Remediation services company quadruples work on hand in a year

Asset maintenance and remediation specialist Duratec expects a bumper order book and easing work and travel restrictions in Australia to relieve pressure on its margins and generate new growth momentum over the next 12 months.

The ASX-listed company reported 5.5% growth in its FY22 first-half revenue (A$130.9 million) compared with the first six months of FY21, but 48% lower EBITDA of $4.6m and 84% lower net profit after tax of $0.7m.

Defence, the company’s number one market, contributed $55m of H1 revenue, on a par with the first half of last year, while mining and industrial weighed in with $32.3m, up 17% year-on-year, and building and facades improved significantly yoy with $27m.

Duratec has seen a major shift in its work-on-hand position in the past 12 months and has grown its order book by 91% since mid-August last year to a record $450.4m.

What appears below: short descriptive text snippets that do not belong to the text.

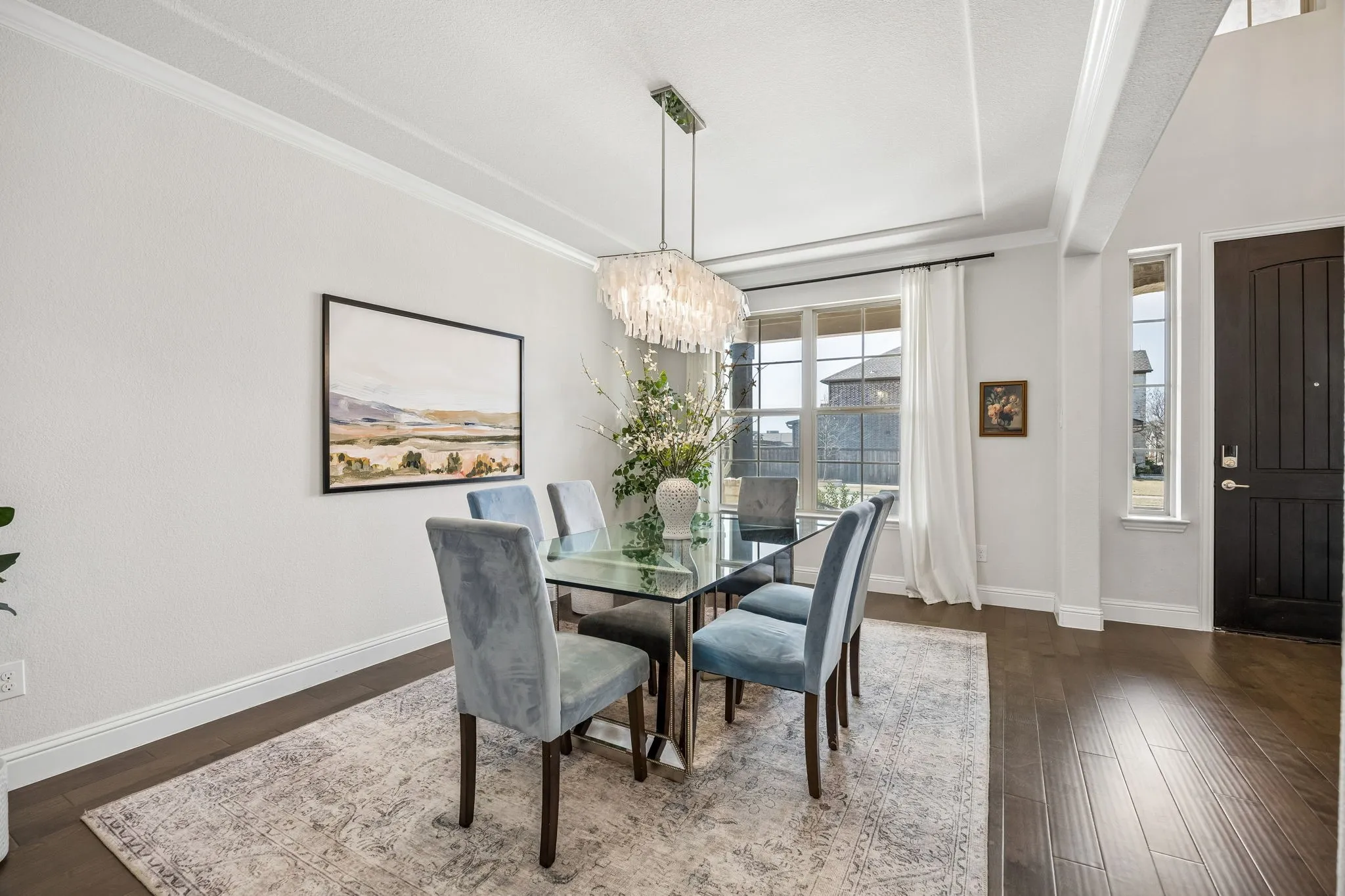 Dining space with suspended lighting, ornamental molding, and dark wood-style floors
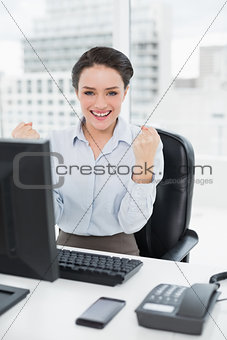 Excited businesswoman clenching fists at office desk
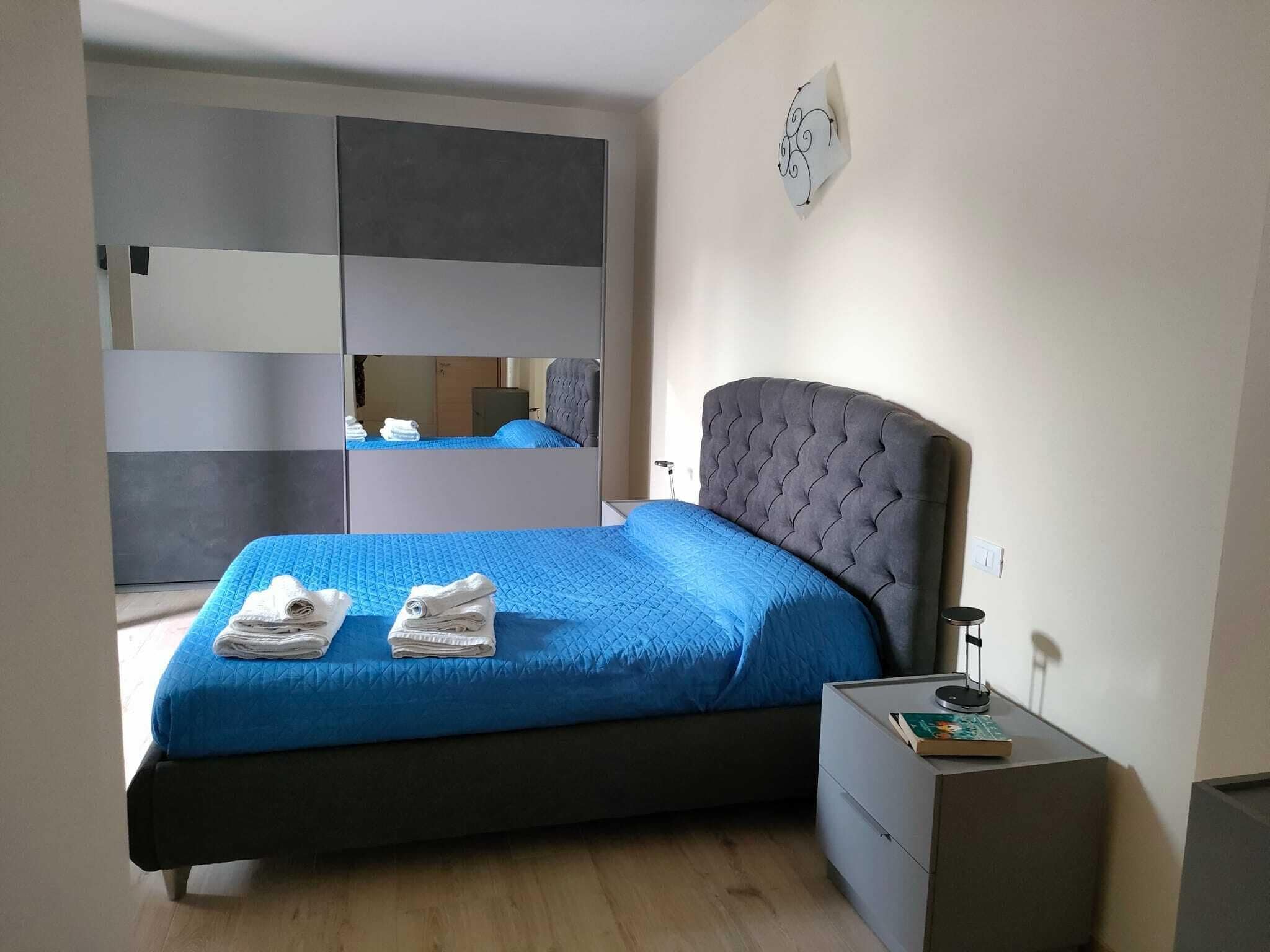 A bedroom with a bed, a nightstand, a mirror, and a wall-mounted light fixture.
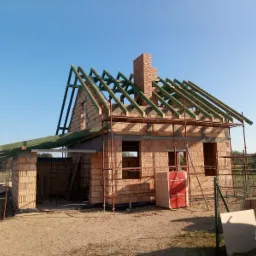 Surowy stan budowy domu z cegły, widoczna drewniana konstrukcja dachu, komin z cegły, rusztowania i palety z cegłami Wienerberger w słoneczny dzień.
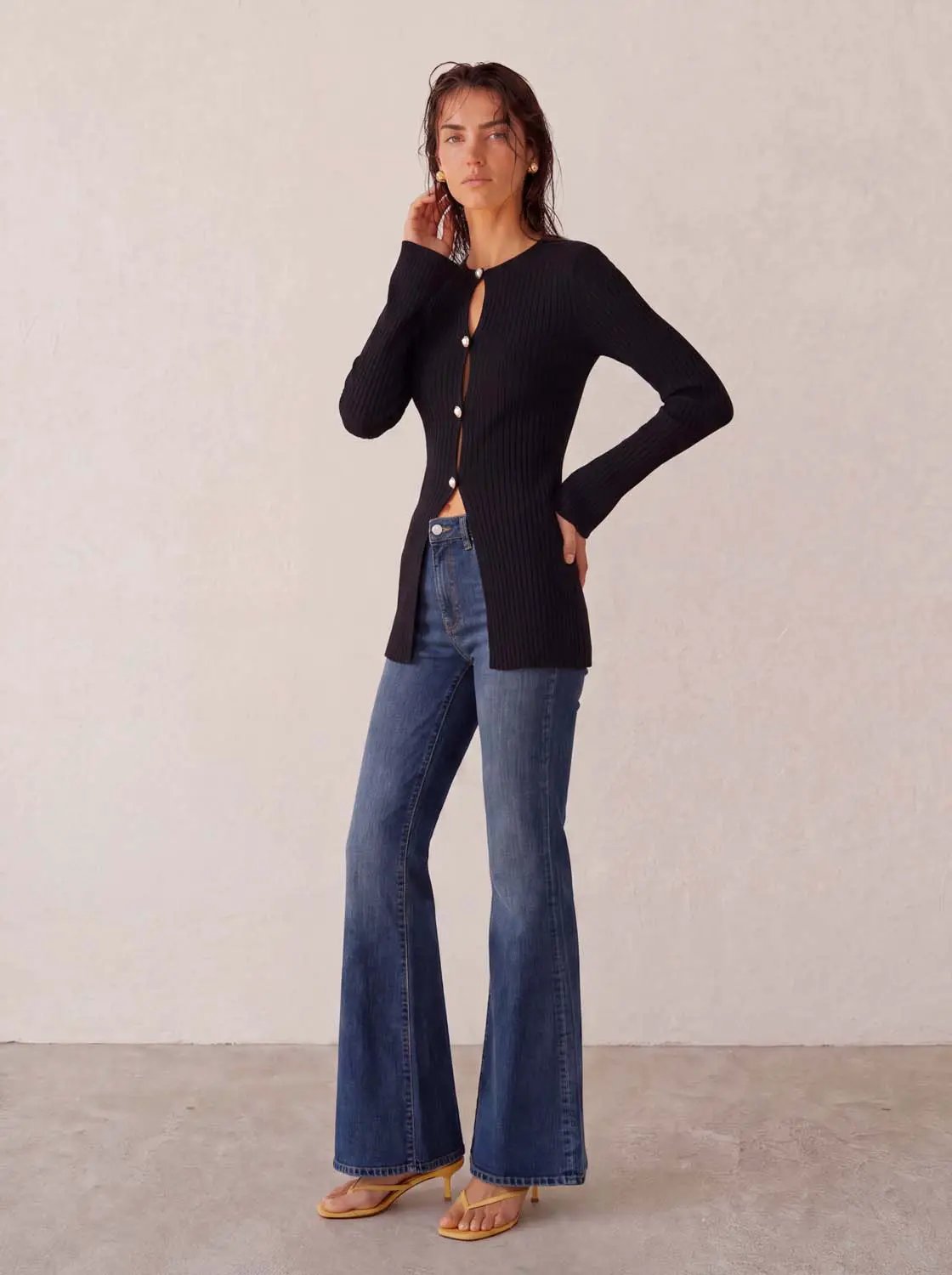 Skinny knitted cardigan in black ribbed knit with pearl buttons, worn with blue jeans.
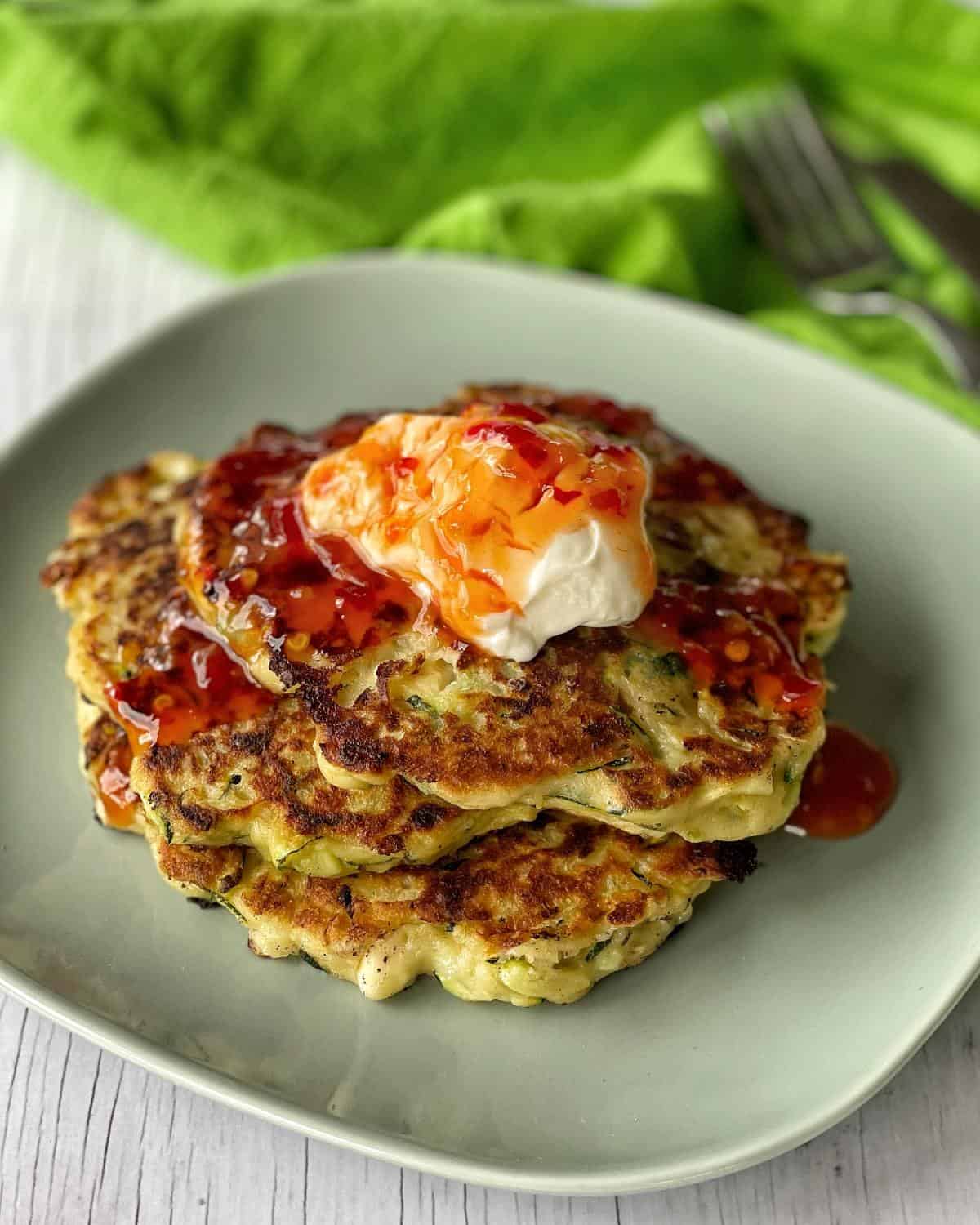 A stack of courgette and feta fritters topped with sour cream and sweet chilli.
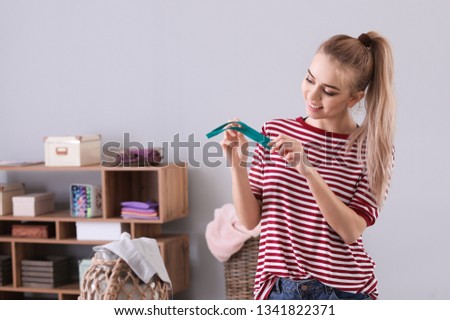 Young woman with zipper at home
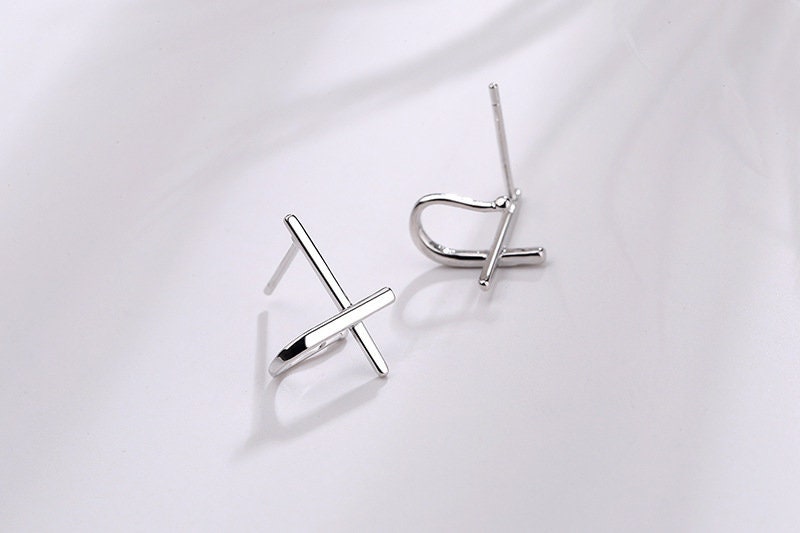 Sterling silver cross huggie stud earrings with straight post backs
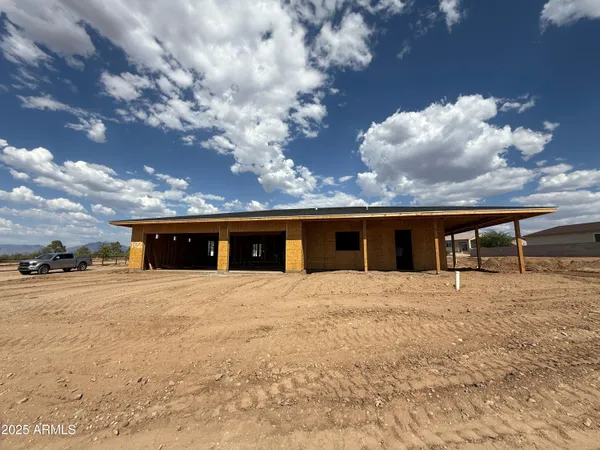 a front view of house with yard and trees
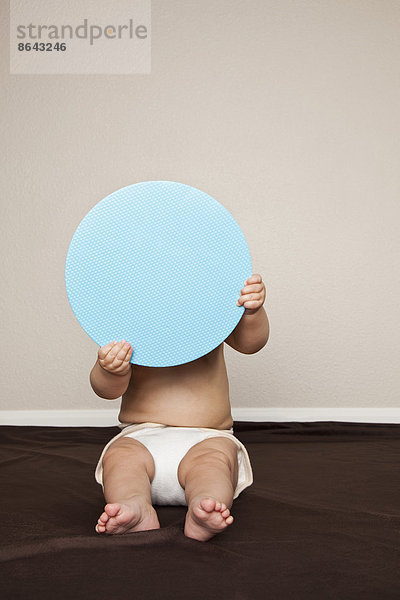 Ein junges 8 Monate altes Baby  das Stoffwindeln trägt und sich hinter einer großen blauen Scheibe versteckt.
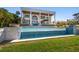Luxurious pool featuring detailed tile work, paired with a large, modern home with stately white columns at 110 Harbor View Ln, Belleair Bluffs, FL 33770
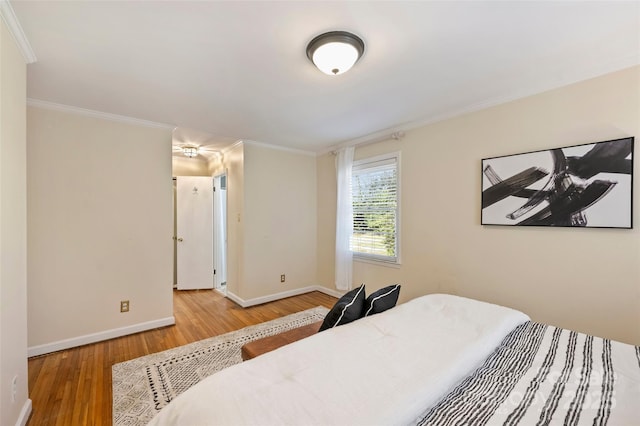 bedroom with wood-type flooring and ornamental molding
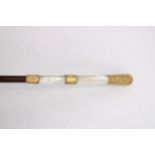 A 19th WALKING CANE WITH A MOTHER OF PEARL AND YELLOW METAL HANDLE, the yellow metal banding and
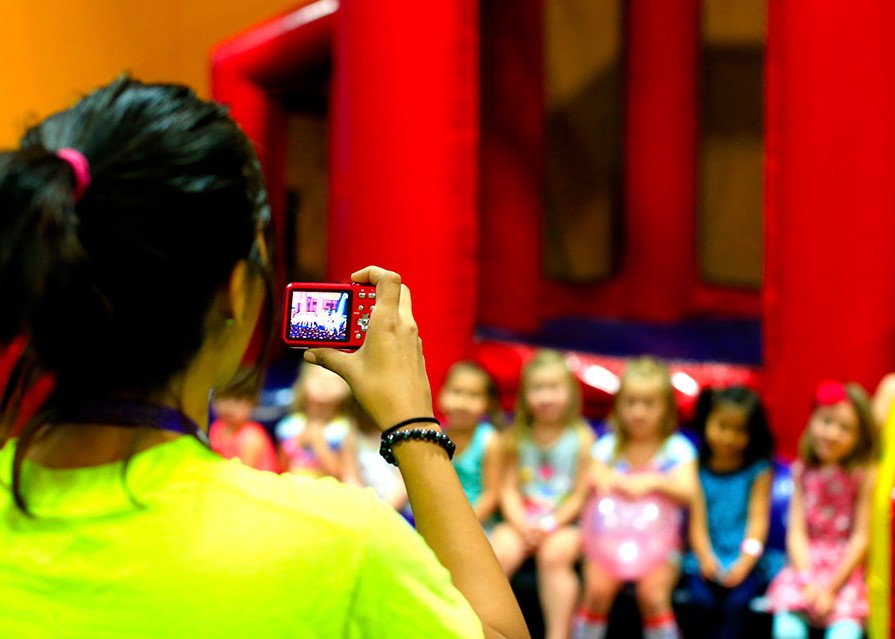 Pump It Up staff taking a group photo of kids in the birthday party arena space.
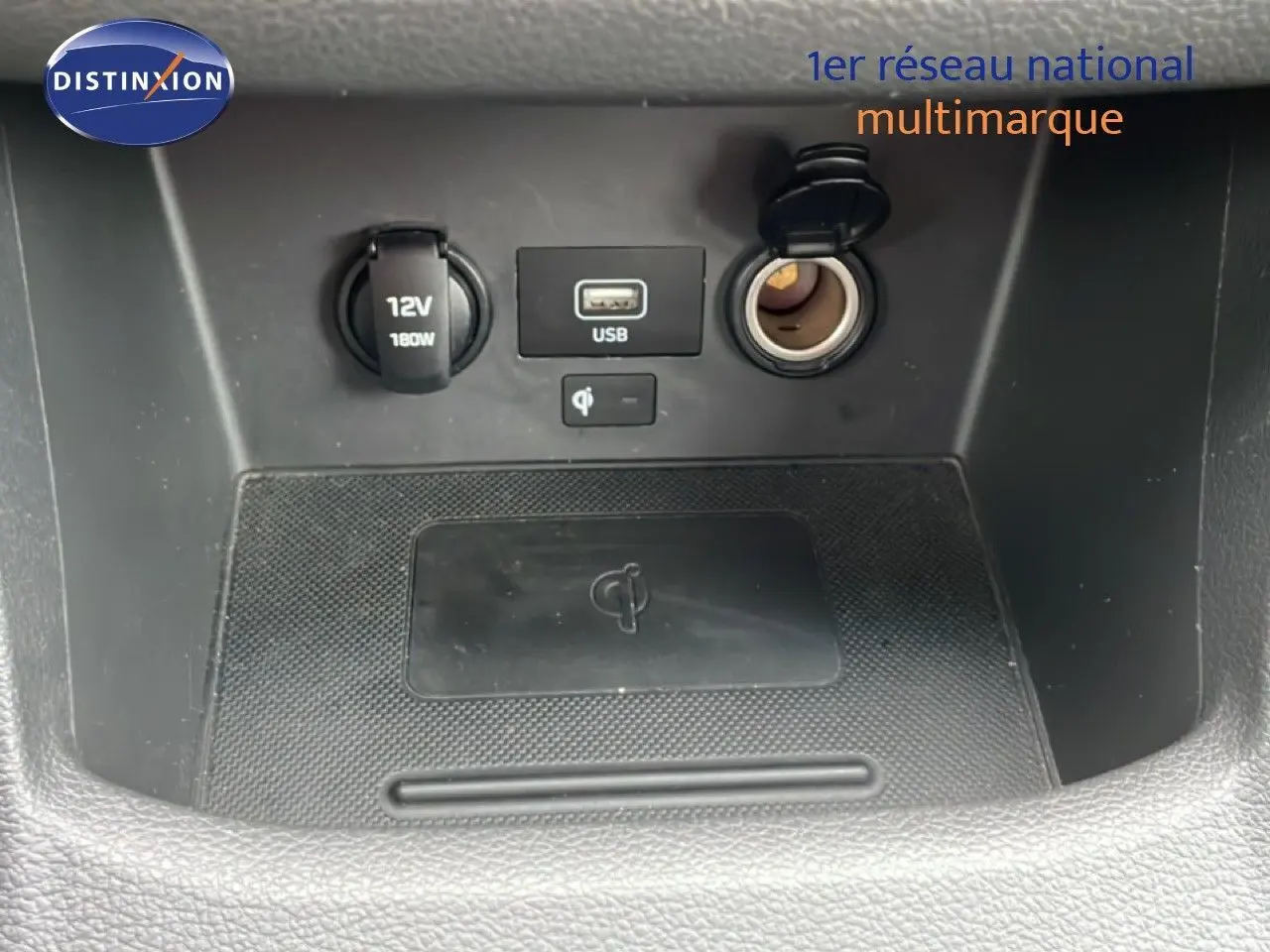 Gros plan sur la console centrale de la Hyundai i30 SW 2021, montrant prises USB, allume-cigare et chargeur sans fil.
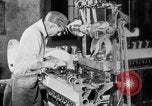 Image of Assembling engines in an Studebaker automobile plant South Bend Indiana USA, 1920, second 32 stock footage video 65675071729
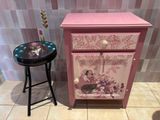 a small table with a drawer on it next to a stool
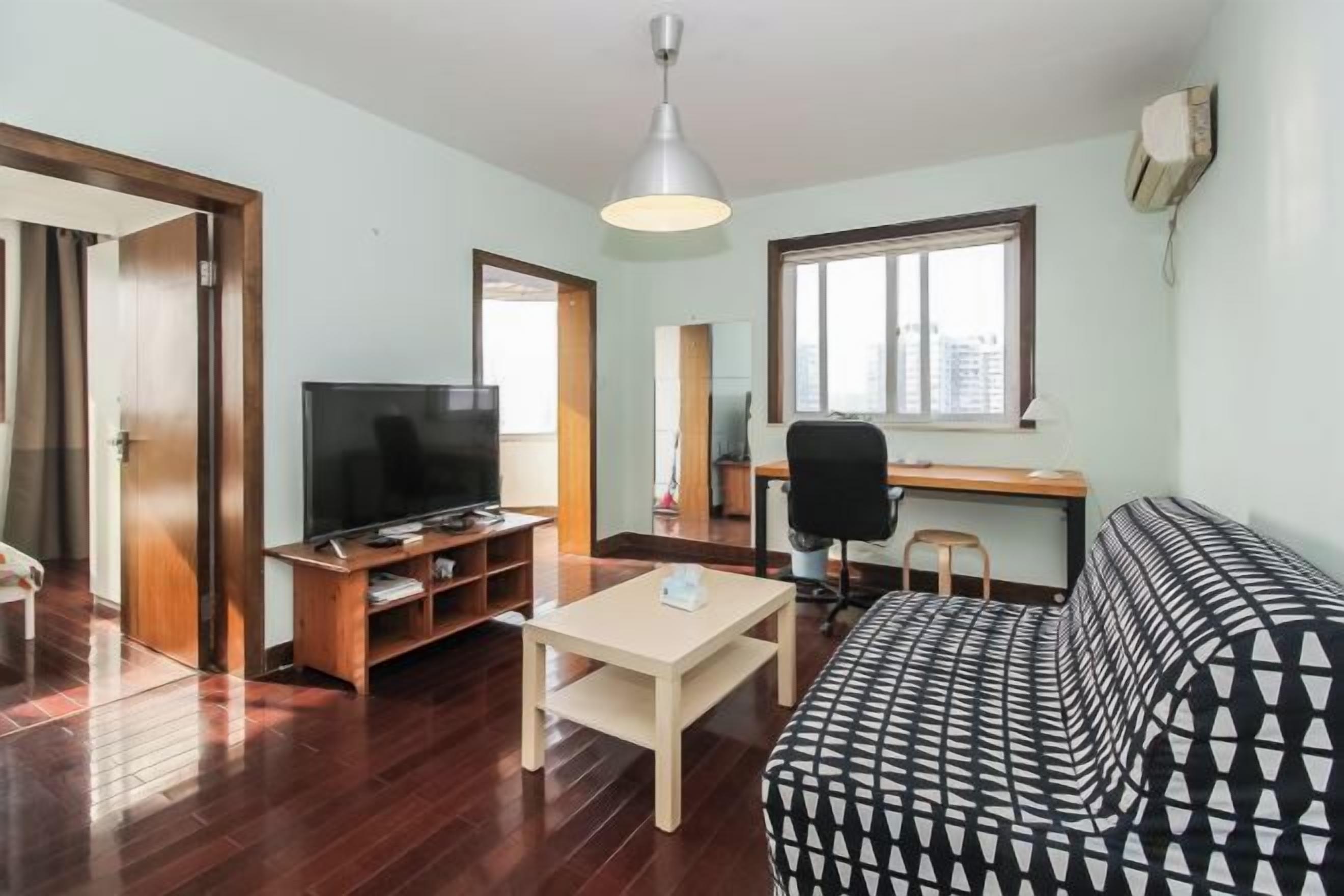 Uma sala de estar com sofá, televisão, escrivaninha e uma cadeira.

It says it has a further $550m of tenders submitted.

“Similar to many national industrial businesses, the first half of FY22 has provided very challenging operating conditions specifically impacted by COVID induced project shutdowns in the Eastern region, while maintaining operational capacity,” Duratec managing director Phil Harcourt said:

“Despite these conditions, the project teams have done their utmost to minimise project prolongation cost effects.

“Since July 2021, it has been encouraging to see the high level of enquiry and solid number of tangible opportunities across all market sectors. This has led to a significant increase in tendering volume and high-quality submissions which has successfully been converted into work won levels markedly higher than the comparative period in FY21. Consequently, we have an historically all-time high order book of $450.4m … providing a very positive outlook and basis for strong contributions from major projects to revenue growth and underlying earnings in H2FY22 and FY23 onwards.”

Defence is the dominant order-book component with a whopping $264.5m of work on hand.

Harcourt said Duratec’s resource sector teams were well positioned nationally to meet “increasing demand for remediation and life extension of ageing mining and resources infrastructure critical to processes and production output”.

“With a work on hand position of $17.5m, $71m in tendered works and likelihood of three mine shutdowns for planned maintenance imminent we expect strong revenue and underlying earnings from this segment in H2FY22 and beyond.”

Duratec’s shares have been traded down about 12.5% so far this year, capitalising the company at A$76m. They were down more than 7% early today.